Saskatoon

Sask. First Nation expecting land claim settlement topping $100M

Lawyers for the Mosquito Grizzly Bear's Head Lean Man First Nation near Battleford, Sask., say they are confident the Specific Claims Tribunal will award the band well over $100 million for reserve land it lost in 1905.

Claim seeks compensation for over 5,800 hectares of reserve land band lost in 1905

Lawyers for the Mosquito Grizzly Bear's Head Lean Man First Nation near Battleford, Sask. say they are confident the Specific Claims Tribunal will award the band well over $100 million for reserve land it lost in 1905. (Josh Greschner)

A Saskatchewan First Nation is optimistic it will receive a settlement of well over $100 million dollars for a decades-old land claim.

The Mosquito Grizzly Bear's Head Lean Man First Nation lost over 5,800 hectares of reserve land in the Battlefords area in 1905.

In a claim filed with the Specific Claims Tribunal in 2014, the band alleged the federal government illegally took and sold the land.

In response, the government said, "The Crown does not accept and specifically denies the validity of all allegations and claims set out in the Claim."

But in a joint statement regarding validity and compensation filed with the tribunal on December 21, 2017, the federal government agreed the loss of land was "invalid."

The government also admitted to a "breach of its pre-surrender fiduciary obligation" to the First Nation

Band lawyer Ryan Lake, a partner with Maurice Law Barristers and Solicitors, said the government had denied the claim's validity for decades.

"The idea that Canada can at the eleventh hour, after 25 years of litigation, admit a breach they've previously denied over and over and over and over again and somehow walk away with a damages scale that's seemingly cost beneficial to them is pretty outrageous," he said.

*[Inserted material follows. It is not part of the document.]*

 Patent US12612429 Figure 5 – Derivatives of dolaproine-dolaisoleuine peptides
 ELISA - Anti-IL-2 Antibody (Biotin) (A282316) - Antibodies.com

Struggle not unlike 'David and Goliath': lawyer

Lake said the admission came 22 years after the claim was initially filed under Canada's Specific Claims Policy — and after supplementary claim submissions in 1998, 2001 and 2009 — and only on the eve of trial on liability.

"I think it's the usual litigation strategy of David and Goliath," he said. "The big guy has unlimited resources and will strain and stress and wait for lawyers to die, First Nation governments to change, lawyers to be fired, money to run out."

He said a compensation hearing was concluded last week that looked at the agricultural production in the lost land to determine the loss of its use and benefits since 1905.

Lake noted there is a $150-million dollar cap on settlements awarded by the tribunal. If the uncapped value of the claim ends up being more than that, he hopes the tribunal weighs in with an opinion on the system in place.

"There is some direction that we've sought from the tribunal that if they believe that the damages exceed the cap they should opine because it is potentially an access-to-justice problem," he said.

Lake said he expects the tribunal to award compensation no later than December.